Heterogeneous-Modal Unsupervised Domain Adaptation via Latent Space Bridging
This addresses a critical limitation in domain adaptation for scenarios with completely different modalities, such as transferring knowledge between images and text, which is incremental as it builds on existing UDA methods.
The paper tackles the problem of unsupervised domain adaptation when source and target domains are from entirely distinct modalities, proposing a novel setting called Heterogeneous-Modal Unsupervised Domain Adaptation (HMUDA) and a framework called Latent Space Bridging (LSB) for semantic segmentation, achieving state-of-the-art performance on six benchmark datasets.

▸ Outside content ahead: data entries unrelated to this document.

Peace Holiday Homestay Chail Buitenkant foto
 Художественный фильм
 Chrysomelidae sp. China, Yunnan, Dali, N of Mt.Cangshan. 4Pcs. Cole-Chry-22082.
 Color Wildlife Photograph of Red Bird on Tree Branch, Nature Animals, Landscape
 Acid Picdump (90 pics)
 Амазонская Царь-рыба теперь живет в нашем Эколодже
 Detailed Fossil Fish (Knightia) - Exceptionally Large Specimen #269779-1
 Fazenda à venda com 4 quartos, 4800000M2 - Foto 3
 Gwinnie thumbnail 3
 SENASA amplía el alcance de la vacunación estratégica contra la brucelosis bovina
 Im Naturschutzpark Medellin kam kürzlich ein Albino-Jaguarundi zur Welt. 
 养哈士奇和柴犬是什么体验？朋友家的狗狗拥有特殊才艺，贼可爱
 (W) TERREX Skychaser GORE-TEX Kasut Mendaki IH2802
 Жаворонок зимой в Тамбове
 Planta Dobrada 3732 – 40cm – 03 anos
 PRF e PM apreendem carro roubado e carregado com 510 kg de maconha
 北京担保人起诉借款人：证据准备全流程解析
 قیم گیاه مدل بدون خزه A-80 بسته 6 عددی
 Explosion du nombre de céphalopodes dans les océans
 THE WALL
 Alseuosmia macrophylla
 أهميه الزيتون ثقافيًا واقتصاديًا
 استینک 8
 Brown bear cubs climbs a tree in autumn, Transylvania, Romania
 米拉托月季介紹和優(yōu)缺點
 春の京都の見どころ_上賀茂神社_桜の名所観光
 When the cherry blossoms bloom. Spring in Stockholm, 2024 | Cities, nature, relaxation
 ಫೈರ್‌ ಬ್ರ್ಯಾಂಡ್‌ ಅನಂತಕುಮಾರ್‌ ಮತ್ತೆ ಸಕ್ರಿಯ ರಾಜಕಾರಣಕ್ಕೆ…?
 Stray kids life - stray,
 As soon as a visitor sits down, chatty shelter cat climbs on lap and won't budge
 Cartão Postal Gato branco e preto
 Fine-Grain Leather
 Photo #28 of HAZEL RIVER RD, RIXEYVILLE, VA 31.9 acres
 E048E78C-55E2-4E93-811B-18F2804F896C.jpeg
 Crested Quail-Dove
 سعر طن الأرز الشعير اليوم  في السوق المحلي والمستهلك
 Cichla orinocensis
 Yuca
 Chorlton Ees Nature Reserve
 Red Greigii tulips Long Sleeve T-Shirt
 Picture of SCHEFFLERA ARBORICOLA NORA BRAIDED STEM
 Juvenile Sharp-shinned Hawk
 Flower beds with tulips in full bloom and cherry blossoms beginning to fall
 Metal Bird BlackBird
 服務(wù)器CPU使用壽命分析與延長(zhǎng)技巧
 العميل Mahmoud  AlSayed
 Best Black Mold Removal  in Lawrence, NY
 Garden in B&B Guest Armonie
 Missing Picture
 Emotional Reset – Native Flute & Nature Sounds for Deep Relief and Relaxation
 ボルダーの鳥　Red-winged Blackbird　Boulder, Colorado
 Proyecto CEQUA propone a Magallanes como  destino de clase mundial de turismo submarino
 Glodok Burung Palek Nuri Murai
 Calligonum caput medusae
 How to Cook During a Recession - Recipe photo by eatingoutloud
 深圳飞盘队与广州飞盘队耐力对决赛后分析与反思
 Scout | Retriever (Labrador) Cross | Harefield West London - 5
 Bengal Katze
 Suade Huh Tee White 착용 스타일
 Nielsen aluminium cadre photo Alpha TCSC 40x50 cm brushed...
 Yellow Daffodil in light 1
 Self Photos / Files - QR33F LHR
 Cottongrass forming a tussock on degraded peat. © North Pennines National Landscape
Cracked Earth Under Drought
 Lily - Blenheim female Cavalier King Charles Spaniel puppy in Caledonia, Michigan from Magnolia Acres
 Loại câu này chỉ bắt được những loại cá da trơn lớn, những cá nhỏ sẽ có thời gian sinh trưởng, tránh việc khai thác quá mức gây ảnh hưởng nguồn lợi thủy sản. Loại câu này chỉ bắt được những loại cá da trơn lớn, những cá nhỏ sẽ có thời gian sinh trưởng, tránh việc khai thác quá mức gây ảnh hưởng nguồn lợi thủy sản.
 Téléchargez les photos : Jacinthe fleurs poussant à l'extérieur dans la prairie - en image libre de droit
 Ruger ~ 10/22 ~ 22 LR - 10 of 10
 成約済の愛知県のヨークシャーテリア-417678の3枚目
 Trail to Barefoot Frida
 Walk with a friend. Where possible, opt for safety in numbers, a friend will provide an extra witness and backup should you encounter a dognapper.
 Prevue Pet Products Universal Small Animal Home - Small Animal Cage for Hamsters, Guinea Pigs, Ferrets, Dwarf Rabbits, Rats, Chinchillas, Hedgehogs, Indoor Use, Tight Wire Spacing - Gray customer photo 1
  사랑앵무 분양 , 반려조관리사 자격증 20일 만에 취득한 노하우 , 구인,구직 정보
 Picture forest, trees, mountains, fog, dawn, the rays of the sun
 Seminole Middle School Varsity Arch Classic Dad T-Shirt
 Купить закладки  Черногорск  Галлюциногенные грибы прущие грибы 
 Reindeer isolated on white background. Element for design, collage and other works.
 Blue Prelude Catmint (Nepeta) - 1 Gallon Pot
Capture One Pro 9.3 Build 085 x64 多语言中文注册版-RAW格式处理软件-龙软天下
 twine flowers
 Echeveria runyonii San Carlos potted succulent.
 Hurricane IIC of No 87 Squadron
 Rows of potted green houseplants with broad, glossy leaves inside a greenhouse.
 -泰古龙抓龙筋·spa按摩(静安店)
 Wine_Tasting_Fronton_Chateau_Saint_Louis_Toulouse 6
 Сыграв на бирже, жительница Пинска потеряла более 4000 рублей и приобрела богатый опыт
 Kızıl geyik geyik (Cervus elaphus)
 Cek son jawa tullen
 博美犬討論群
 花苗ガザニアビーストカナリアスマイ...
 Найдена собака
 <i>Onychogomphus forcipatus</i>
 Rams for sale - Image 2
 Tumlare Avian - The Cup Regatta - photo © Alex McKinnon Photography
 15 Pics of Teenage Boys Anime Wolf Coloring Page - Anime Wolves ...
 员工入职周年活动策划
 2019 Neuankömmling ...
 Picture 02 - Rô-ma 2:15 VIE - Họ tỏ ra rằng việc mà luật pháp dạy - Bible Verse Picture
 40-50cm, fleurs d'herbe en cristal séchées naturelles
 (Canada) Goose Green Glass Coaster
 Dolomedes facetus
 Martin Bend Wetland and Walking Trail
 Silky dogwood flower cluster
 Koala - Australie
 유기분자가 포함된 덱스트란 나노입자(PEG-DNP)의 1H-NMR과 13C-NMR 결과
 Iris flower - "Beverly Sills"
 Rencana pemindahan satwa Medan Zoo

Unsupervised domain adaptation (UDA) methods effectively bridge domain gaps but become struggled when the source and target domains belong to entirely distinct modalities. To address this limitation, we propose a novel setting called Heterogeneous-Modal Unsupervised Domain Adaptation (HMUDA), which enables knowledge transfer between completely different modalities by leveraging a bridge domain containing unlabeled samples from both modalities. To learn under the HMUDA setting, we propose Latent Space Bridging (LSB), a specialized framework designed for the semantic segmentation task. Specifically, LSB utilizes a dual-branch architecture, incorporating a feature consistency loss to align representations across modalities and a domain alignment loss to reduce discrepancies between class centroids across domains. Extensive experiments conducted on six benchmark datasets demonstrate that LSB achieves state-of-the-art performance.